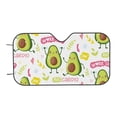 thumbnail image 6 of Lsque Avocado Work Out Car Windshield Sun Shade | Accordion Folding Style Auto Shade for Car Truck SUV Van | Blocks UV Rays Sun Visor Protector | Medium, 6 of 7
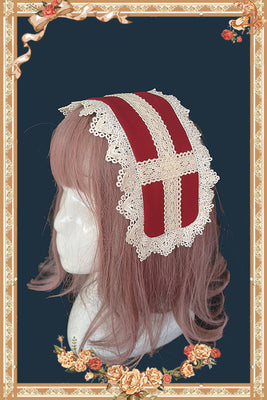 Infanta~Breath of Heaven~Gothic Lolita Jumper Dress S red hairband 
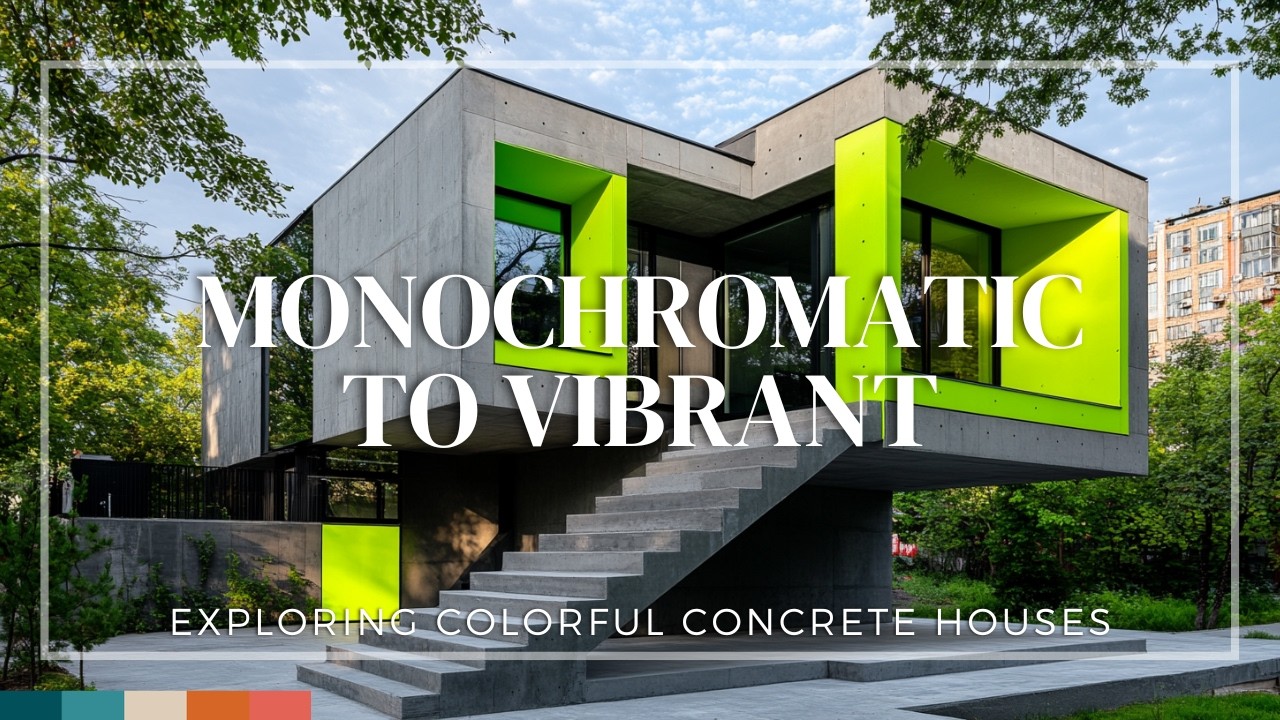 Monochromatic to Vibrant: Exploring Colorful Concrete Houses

# REQUIRED ACTION:
Set down the material above exactly as written, but not the pictures.

# WRITTEN ANSWER:
 thumbnail image 6 of Lsque Avocado Work Out Car Windshield Sun Shade | Accordion Folding Style Auto Shade for Car Truck SUV Van | Blocks UV Rays Sun Visor Protector | Medium, 6 of 7
 Infanta~Breath of Heaven~Gothic Lolita Jumper Dress S red hairband 
 Monochromatic to Vibrant: Exploring Colorful Concrete Houses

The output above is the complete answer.